Dawson tragó saliva, se llevó el micrófono a los labios y susurró a los tripulantes perdidos en las entrañas del Marlin «¿Hay alguien ahí abajo que hable ruso…?».

Se produjo un largo silencio, tras el cual el oficial de máquinas trepó a la torreta.

«Yo hablo un poco, capitán», dijo. «Mis abuelos eran ucranianos. ¿Qué ocurre?».

«Eche un vistazo», contestó Dawson severamente. «Ahí abajo hay un pez muy interesante. Creo que deberíamos pescarlo…».

Harry Purvis tiene la enervante costumbre de pararse justo en el momento en que un relato va a llegar a su punto culminante y pedir otra cerveza o, más a menudo, hacer que alguien le invite a una. Le he visto hacerlo tantas veces, que puedo precisar cuándo va a llegar ese momento culminante por el nivel de cerveza de su vaso. Tuvimos que esperar, armados de paciencia, mientras reponía combustible.

—El comandante del submarino ruso tuvo muy mala suerte —dijo pensativamente—. Supongo que le fusilarían cuando regresó a Vladivostok, o donde fuera. Porque ¿qué comisión investigadora podría creer su historia? Si fue lo suficientemente estúpido como para contar la verdad, tendría que haber dicho: «Nos encontrábamos a la altura de la costa de Florida cuando un iceberg nos gritó en ruso: “¡Ustedes perdonen, pero creo que eso es nuestro!”». Como habría un par de miembros del Departamento de Vigilancia Militar a bordo, el pobre hombre tendría que inventarse algo, pero en cualquier caso, no sería muy convincente…

Tal y como Dawson había previsto, el submarino ruso huyó tan pronto como supo que había sido descubierto. Y, recordando que él era un oficial de la reserva, y que la obligación para con su país era más importante que cualquier compromiso contraído con un solo estado, el comandante del Marlin no pudo elegir más que un camino. Recogió el proyectil, descongeló a Freda, y puso rumbo a Cacao, previo envío de un mensaje por radio, que provocó gran agitación en el Departamento de Marina e inició una desbandada general de bombarderos hacia el Atlántico. Quizá Iván el Inquisitivo nunca llegó a Vladivostok, después de todo…
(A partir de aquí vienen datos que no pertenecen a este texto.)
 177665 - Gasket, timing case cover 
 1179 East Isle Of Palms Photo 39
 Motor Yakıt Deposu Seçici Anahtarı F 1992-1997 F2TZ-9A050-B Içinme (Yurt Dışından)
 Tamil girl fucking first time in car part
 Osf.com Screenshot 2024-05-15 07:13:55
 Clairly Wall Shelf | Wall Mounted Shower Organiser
Las explicaciones consiguientes fueron un tanto embarazosas, pero supongo que el rescate del proyectil les parecería tan importante que nadie haría demasiadas preguntas acerca de la guerra privada del Marlin.

La arremetida contra Miami quedó en el olvido, al menos hasta la temporada siguiente. Es agradable saber que ni siquiera los patrocinadores del proyecto, a pesar de haber perdido mucho dinero, quedaron demasiado descontentos. Todos tienen un certificado firmado por el jefe de Operaciones Navales, agradeciéndoles los servicios prestados al país, aunque no se especifica de qué servicios se trata, y provocan tal envidia y confusión entre sus amigos de Los Ángeles, que no se desharían de ellos por nada del mundo…
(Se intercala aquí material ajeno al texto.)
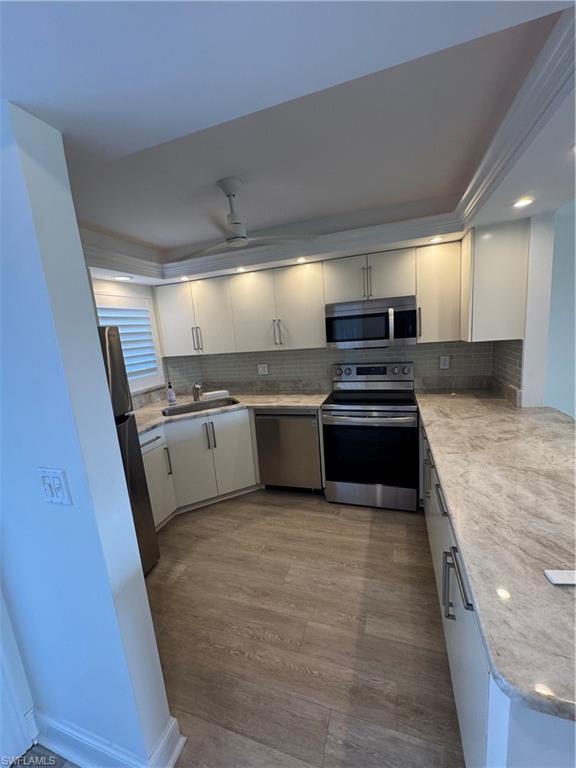 37 High Point CIR E 305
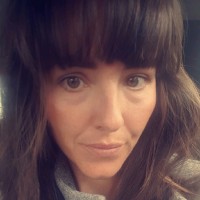 Holly Walsh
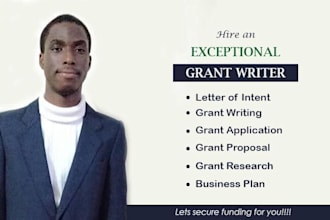 grant writing grant writers business grants grant application grant proposal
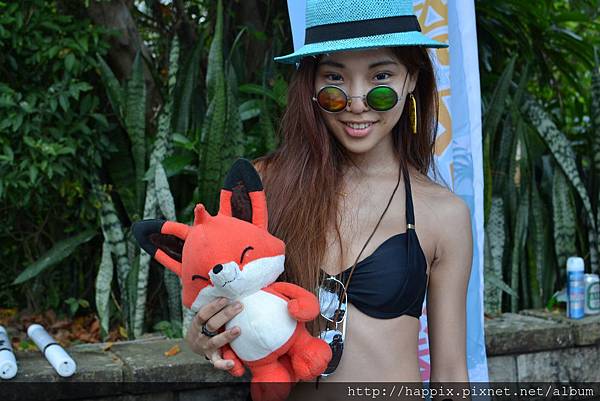 DSC_0995 DSC_0995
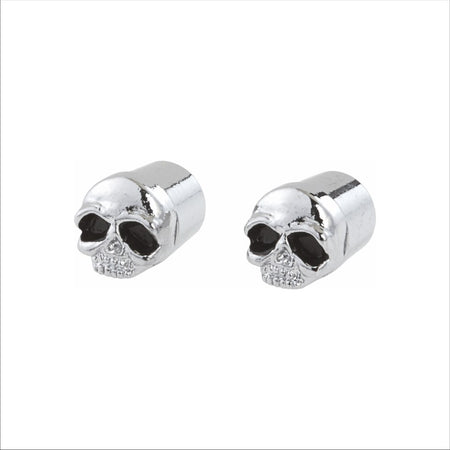 [AM.8208] Cp tappi coprivalvola TESCHIO CROMATO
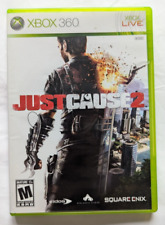 Cause cib complete for sale  Philadelphia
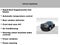 2022 Ford F-450SD Platinum DRW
Pero no debéis creer que el proyecto se ha olvidado por completo; conociendo a los publicitarios americanos, sería impensable. Freda estará inactiva ahora, pero algún día la reanimarán. Todos los planes están a punto, incluyendo detalles mínimos como la presencia casual de una unidad de filmación de Hollywood en la playa de Miami, cuando Freda aparezca en el Atlántico.

Ésta es una de esas historias que no desembocan en un final feliz. Ya han tenido lugar las escaramuzas preliminares, pero el desenlace está aún por llegar. A menudo, me pregunto: ¿Qué medidas tomará Florida contra los californianos cuando descubra lo que han tramado? ¿Alguna sugerencia?